There could have been a better story at the end of the day but what prevented that from happening was the constant shifting of goal posts. And ultimately America is left with only one goal to achieve to take the troops home . In short , no more body bags to be ferried to the homes of soldiers .
For all what we know America had launched the war in Afghanistan to punish al-Qaeda, the global terror network, that had struck and challenged the might of the United States of America with 9/11, the terror attack embedded in the minds of all Americans who watched it happen and those brought up with the real-time stories of horror.
Alongside, Taliban, the protector of al-Qaeda, was, too, to be dismantled. Now, when the US is calling it a day in Afghanistan, these long-cherished results are not there. For its own ego, Americans may draw some solace that, as Joe Biden counted the elimination of Osama bin Laden among the accomplishments.

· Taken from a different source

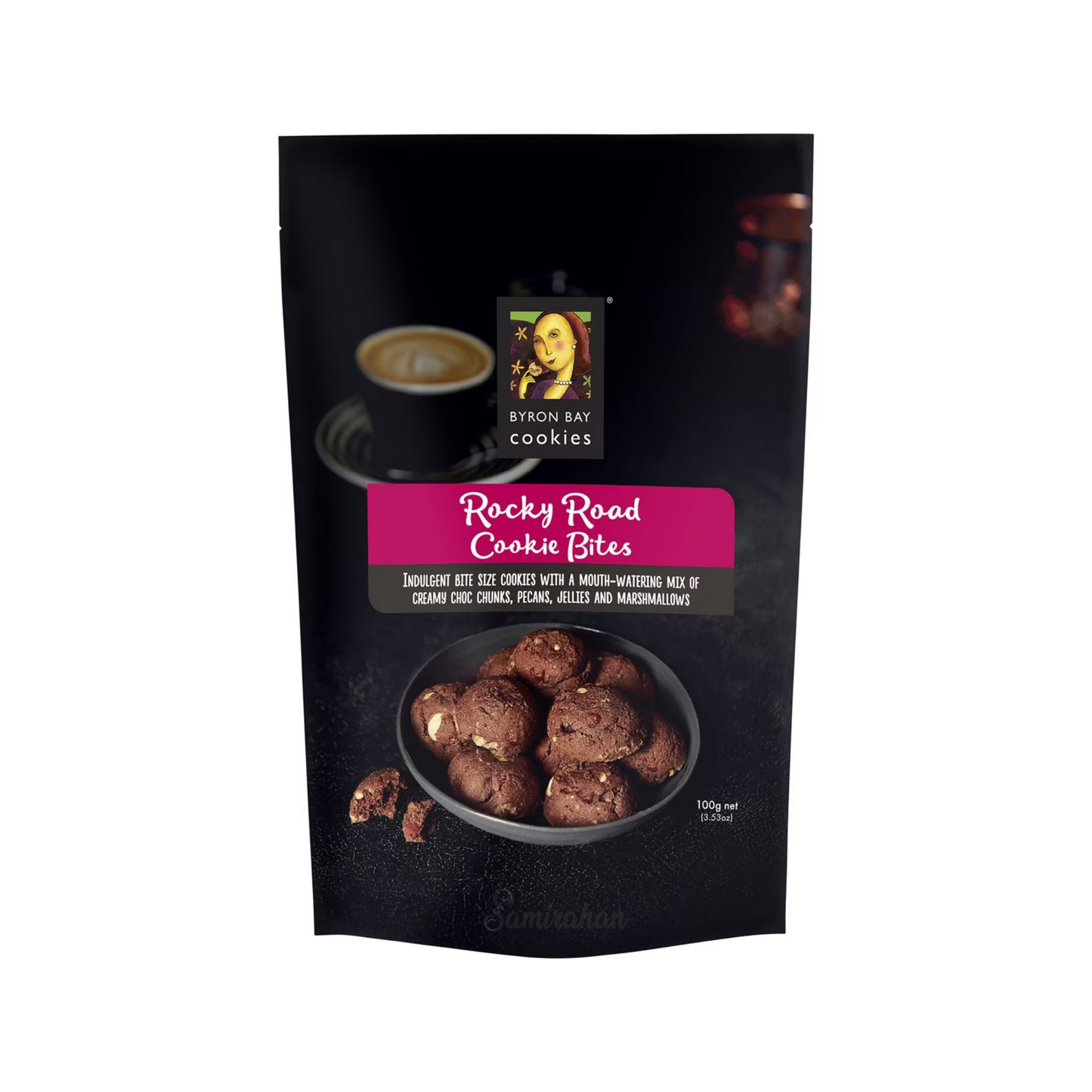 Byron Bay Cookies Rocky Road Cookie Bites are indulgent bite size cookies with a mouth-watering mix of creamy choc chunks, pecans, jellies & marshmallows. Halal certified. Best imported foreign genuine authentic real snack Australian Aussie premium quality sweets healthy biscuits cheap price in Dhaka Bangladesh.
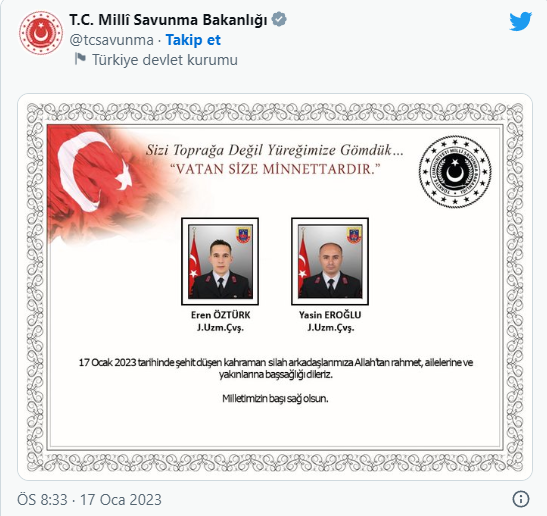 MSB duyurdu! 2 asker şehit oldu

America’s war in Afghanistan was christened as war on terrorism. That would lead the world to conquer the forces of terrorism forever, as the world recognised and appreciated the American right to retaliate against the terror network in Afghanistan that had grown so much in ideological and technological strength that from the obscure caves of Afghanistan, it could plot and execute the strike at the twin towers of the World Trade Centre in New York, Pentagon, leaving the only superpower in the world with the shame of not having anticipated this horror.

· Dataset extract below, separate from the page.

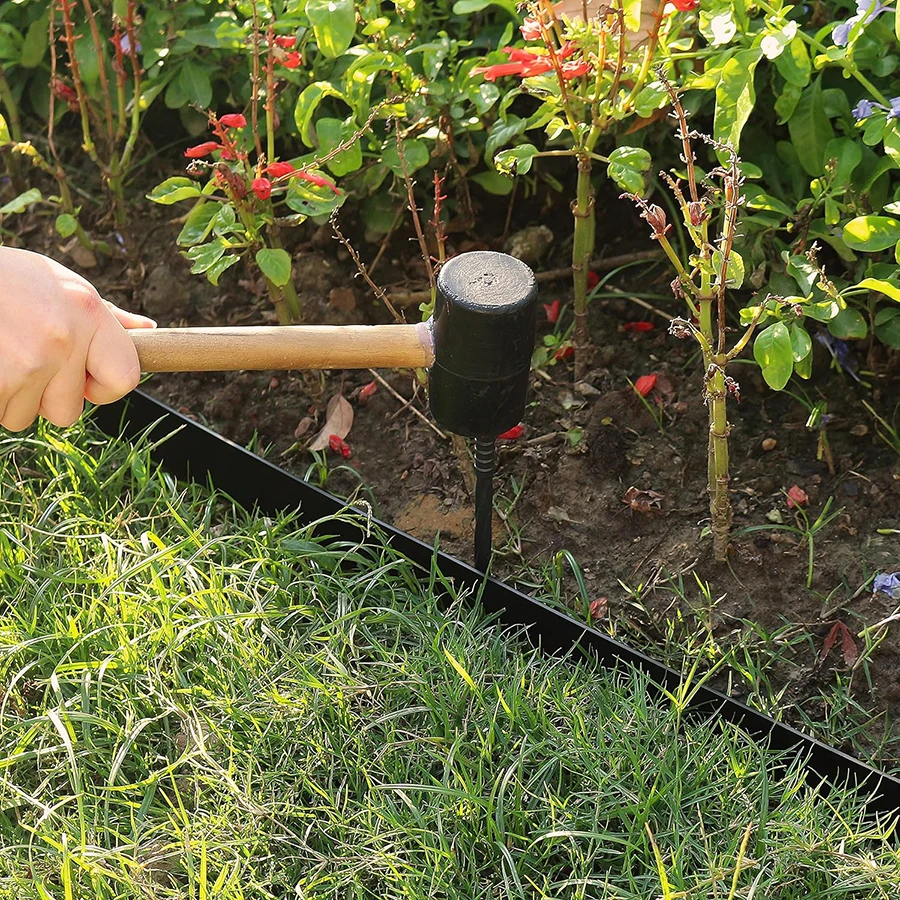 10 meters landscape edging kit, garden edging coil 30 nails, no digging lawn edge design, grass stone isolation belt garden gree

The return journey of the American troops leaves many lessons in its wake. Apart from what will happen in Afghanistan; there is a real fear that Taliban having both military power and large swathes of territory, can take control of the country. That means that Taliban can rule Afghanistan yet again.
That legacy of leaving the forever war in between will have to be pondered over by the American policy makers, but there is something more in store. The world has become more vulnerable to the forces of violence that believe they can overrule everything and get their own way.
First, it has demonstrated that no war can be won by any country or group of countries howsoever powerful they might be in terms of military power and latest technology.
Such wars are won only with the support of the people .
If the people traumatized by Taliban and sick of the ways of al-Qaeda and other extremist-ideology-driven groups did not see Americans as their benefactors that means that there were certain other underlying reasons which brought the things to such a pass, where Americans are leaving out of compulsion rather than out of choice.To comprehend those underlying reasons, a people-oriented interaction and study is important; out of the shadow of guns and drones only then gaps can be bridged.
There was a gap and that could not be bridged even after two decades and investment of huge fortune there, that raises the question, why? This is not something that Americans alone should try to understand, it is a matter for all those claiming to be fighting for peace and stability in the region to understand. The military power backed infrastructural development cannot change the hearts and minds of the people.
In any war, big or small, blind strategies are bound to fail. America was supposed to show the way how the war against terrorism could be won, but it ended landing on the opposite side of the objective. Th world has not failed to notice it.
Going to war in Afghanistan in October 2001 was demonstrative of the quick reaction to 9/11. The goal appeared to be simple, to rid Afghanistan of terror networks that were spread all across. The bombardment of rocky caves of Tora Bora and troops on the ground hunting the terrorists and drones targeting the hideouts simply showed that what kind of war machinery America possessed and could use against its adversary .
The real strategy to keep Afghanistan out of bounds for the terror groups or to create an ecosystem where no new recruits were available for these sort of groups was missing. Twenty years is a long time, and all these years Taliban has expanded because it could attract radicalized groups of Afghans to its ideology and the goals that it had set for itself. The conclusion that the Afghans resented foreign boots on their soil and the corruption in the system helped Taliban to regain more than what it had lost is too simplistic. These fail to address that how America went as a blind man in Afghanistan and ended up in making compromises and changing the goalposts. The most shocking part, a great departure from its original goal, was to negotiate with Taliban and accept its terms. The reality changed so much that the whole thing is now dependent upon how Taliban would behave.
The argument that any early withdrawal would have left the country vulnerable to civil war; fast forward it to 2021, is the scenario any different today.
There is a message for all that terrorism is not a military problem, it is something different. And old theories have been left with limited relevance. There is a need for newer and effective strategies where military power is used with care and discretion only. The anti-Americanism in the Islamic world has shown that guns, bombs, drones alone cannot solve all the problems vis-à-vis terrorism.